* Task objective
In the entries below, the word "Picture" appears on some lines. Copy each of those lines.

* Working data
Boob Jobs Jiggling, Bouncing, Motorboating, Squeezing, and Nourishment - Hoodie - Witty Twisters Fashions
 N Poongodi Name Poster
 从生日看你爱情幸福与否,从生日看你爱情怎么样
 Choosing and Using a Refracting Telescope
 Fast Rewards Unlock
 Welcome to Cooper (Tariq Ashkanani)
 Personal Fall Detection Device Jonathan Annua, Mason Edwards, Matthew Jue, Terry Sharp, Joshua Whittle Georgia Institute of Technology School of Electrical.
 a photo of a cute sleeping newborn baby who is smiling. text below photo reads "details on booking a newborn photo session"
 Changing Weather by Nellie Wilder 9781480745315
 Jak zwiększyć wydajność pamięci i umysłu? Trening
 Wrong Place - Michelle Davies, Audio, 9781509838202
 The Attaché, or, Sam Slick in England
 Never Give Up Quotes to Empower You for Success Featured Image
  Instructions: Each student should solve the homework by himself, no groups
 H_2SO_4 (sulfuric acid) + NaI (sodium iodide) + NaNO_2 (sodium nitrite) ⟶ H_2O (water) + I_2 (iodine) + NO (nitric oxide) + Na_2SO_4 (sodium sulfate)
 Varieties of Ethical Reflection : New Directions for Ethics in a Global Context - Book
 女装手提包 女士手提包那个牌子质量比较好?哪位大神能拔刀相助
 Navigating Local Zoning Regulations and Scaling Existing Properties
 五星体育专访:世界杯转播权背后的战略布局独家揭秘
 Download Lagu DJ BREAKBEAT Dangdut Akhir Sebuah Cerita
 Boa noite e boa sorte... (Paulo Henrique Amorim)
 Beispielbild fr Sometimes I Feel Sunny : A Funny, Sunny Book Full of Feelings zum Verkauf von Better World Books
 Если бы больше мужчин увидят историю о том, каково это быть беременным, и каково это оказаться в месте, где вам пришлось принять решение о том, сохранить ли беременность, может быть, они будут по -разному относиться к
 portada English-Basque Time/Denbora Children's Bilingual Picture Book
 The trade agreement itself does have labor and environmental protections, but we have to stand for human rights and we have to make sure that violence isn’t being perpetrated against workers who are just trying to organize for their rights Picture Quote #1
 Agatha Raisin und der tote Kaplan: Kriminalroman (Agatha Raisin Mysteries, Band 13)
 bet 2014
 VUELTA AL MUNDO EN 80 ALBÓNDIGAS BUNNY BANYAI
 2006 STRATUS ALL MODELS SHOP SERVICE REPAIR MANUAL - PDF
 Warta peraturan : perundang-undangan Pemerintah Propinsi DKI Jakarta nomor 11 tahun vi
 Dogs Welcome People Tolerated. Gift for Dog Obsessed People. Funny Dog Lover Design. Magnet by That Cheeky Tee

* Answer to the exercise
 portada English-Basque Time/Denbora Children's Bilingual Picture Book
 The trade agreement itself does have labor and environmental protections, but we have to stand for human rights and we have to make sure that violence isn’t being perpetrated against workers who are just trying to organize for their rights Picture Quote #1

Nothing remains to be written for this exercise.